Lauren Elliott has waited years for her long-term boyfriend, Todd, to propose, yet he seems more focused on his career than their relationship. When Lauren learns that her younger sister is pregnant before she herself even has an engagement ring, she feels overjoyed yet disheartened. Knowing she can’t put her future on hold, Lauren prepares to make a bold choice—one that leads her to a man she never dreamed she’d meet.
Newly married to her second husband, Max, Bethanne Scranton is blissfully in love. But with Max’s job in California and Bethanne’s in Seattle, their long-distance marriage is becoming difficult to maintain. To complicate matters, Bethanne’s cunning ex will do anything to win her back.
Lydia Goetz, too, is wonderfully happy with her husband, Brad, though lately she worries about the future of A Good Yarn. As she considers how to bring in business, she discovers that someone has beaten her to the punch. Baskets of yarn are mysteriously popping up all over town, with instructions to knit a scarf for charity and bring it into Lydia’s store. Never before has her shop received so much attention, but who hatched this brilliant plan?
As three women’s lives intersect in unexpected ways, Lydia, Lauren, and Bethanne realize that love heals every heart, and the best surprises still lay ahead. (Goodreads)

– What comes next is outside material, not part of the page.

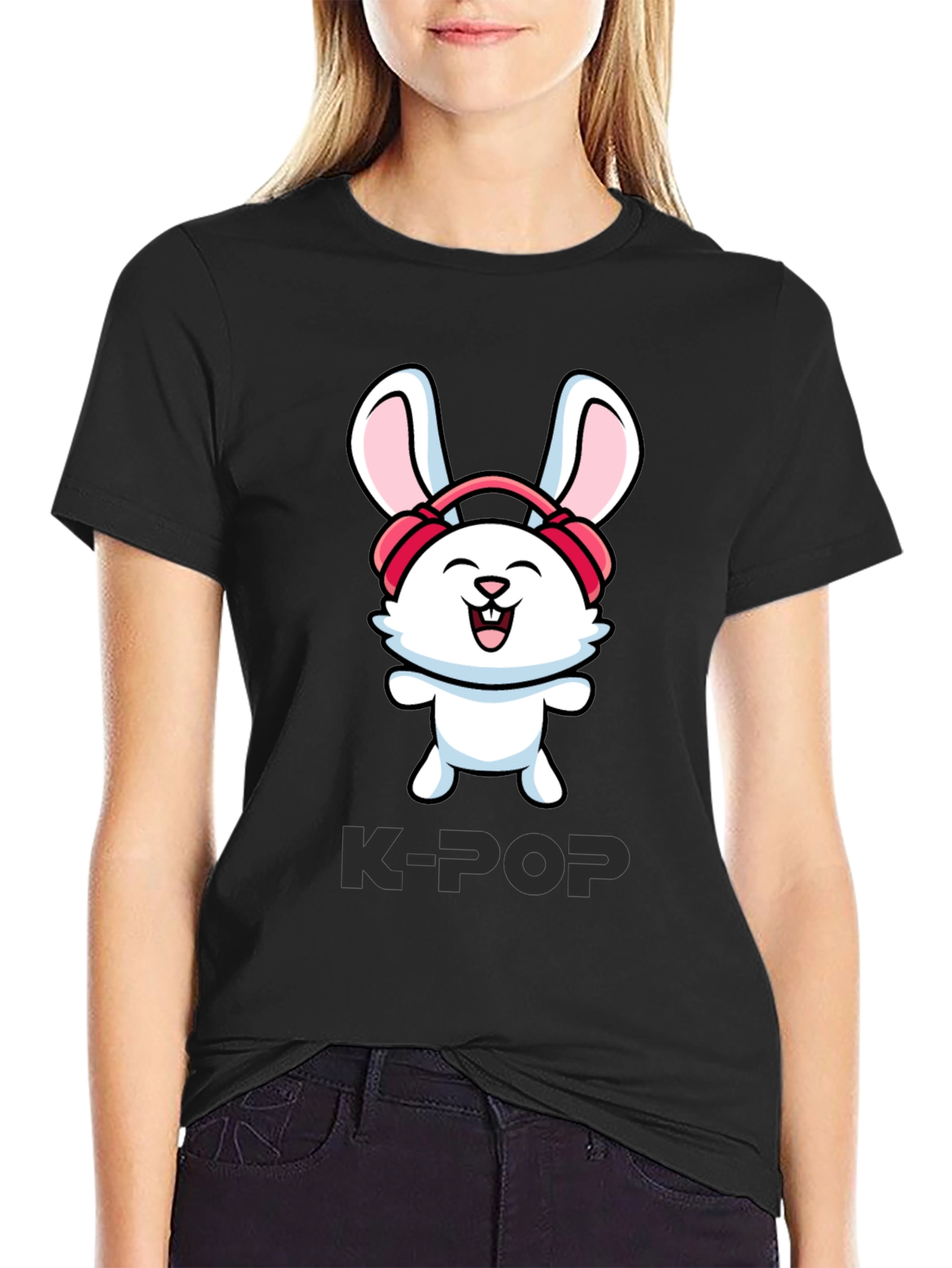 K-Pop Bunny Graphic Tee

Reading a Blossom Street novel is a little like watching an episode of your favorite drama or soap opera, but with the guarantee that everything will work out for the best. Each book tells the story of at least one couple’s romance, but most books in the series focus almost equally on the ongoing stories of one or two other long-running characters, with cameo appearances by several others. Everyone’s story is told with Macomber’s trademark warmth and understanding, and there are rarely any real villains (though the occasional “ex” can be pretty unsympathetic.) It all adds up to a comfortable and comforting read.
The main, or rather the new, couple in Blossom Street Brides is Lauren and Rooster. Like almost all Blossom Street heroines, Lauren is a knitter who buys yarn at A Good Yarn. She’s just getting out of a dead-end relationship. Rooster is Max’s friend and business partner; Max and Bethanne featured in an earlier book in the series. Lauren and Rooster appear unsuited, but Rooster’s biker exterior hides a caring heart and the deep courtesy of a gentleman, and despite her sophisticated polish, Lauren values the things that really matter, not surface appearances. The couple’s attraction leans toward instalove, but Macomber pulls it off.

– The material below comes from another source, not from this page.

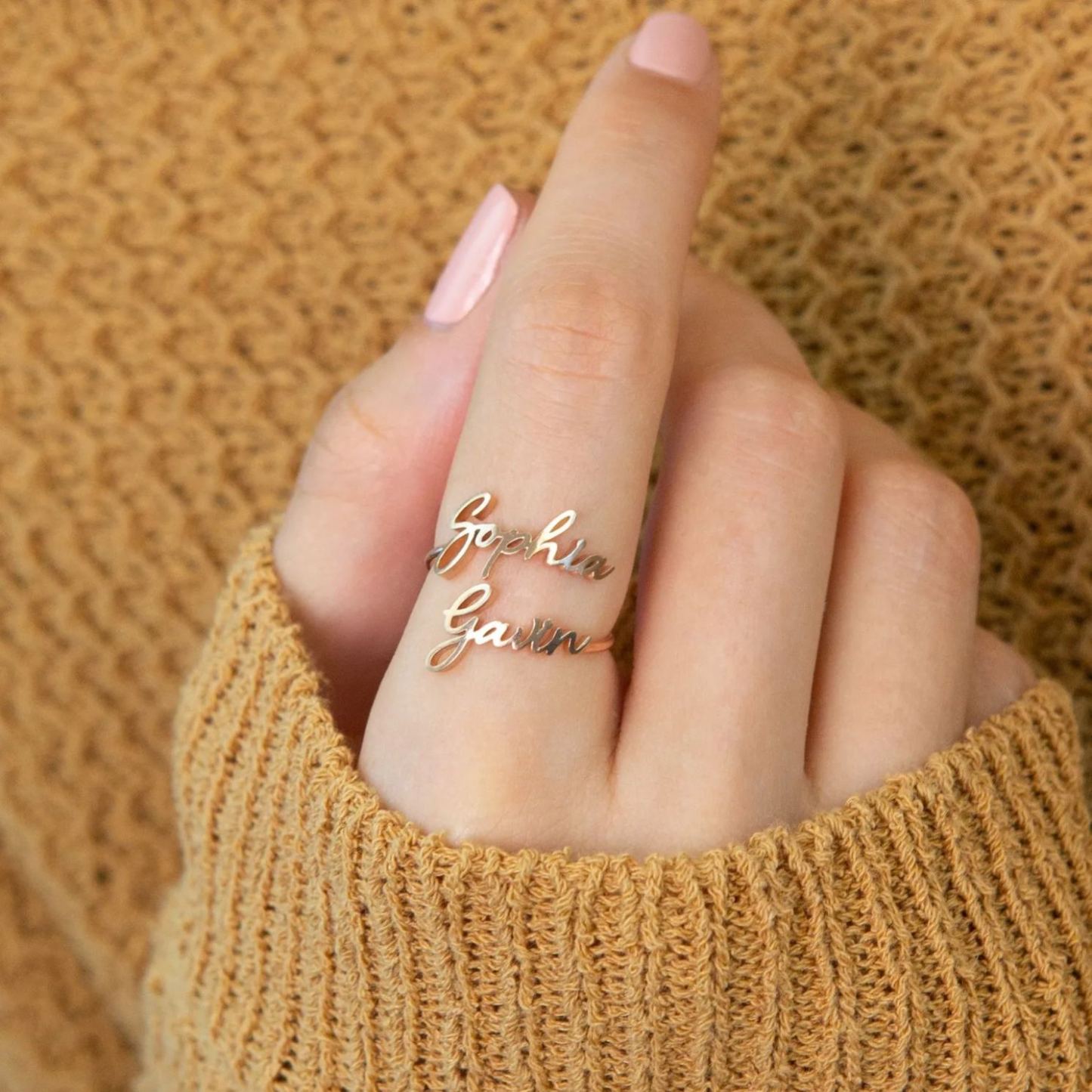 Double Name Ring in Sterling Silver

Two other stories get nearly equal page time. The strain of a long-distance marriage is beginning to tell on Max and Bethanne’s relationship, and the machinations of Bethanne’s self-centered ex aren’t helping matters. Meanwhile, yarn shop owner Lydia and her husband Brad are dealing with the twin stresses of Lydia’s mother’s increasing dementia and their adopted daughter’s frequent nightmares. There’s also a small subplot involving the 19-year-old daughter of Lauren’s best friend and employer, Elise.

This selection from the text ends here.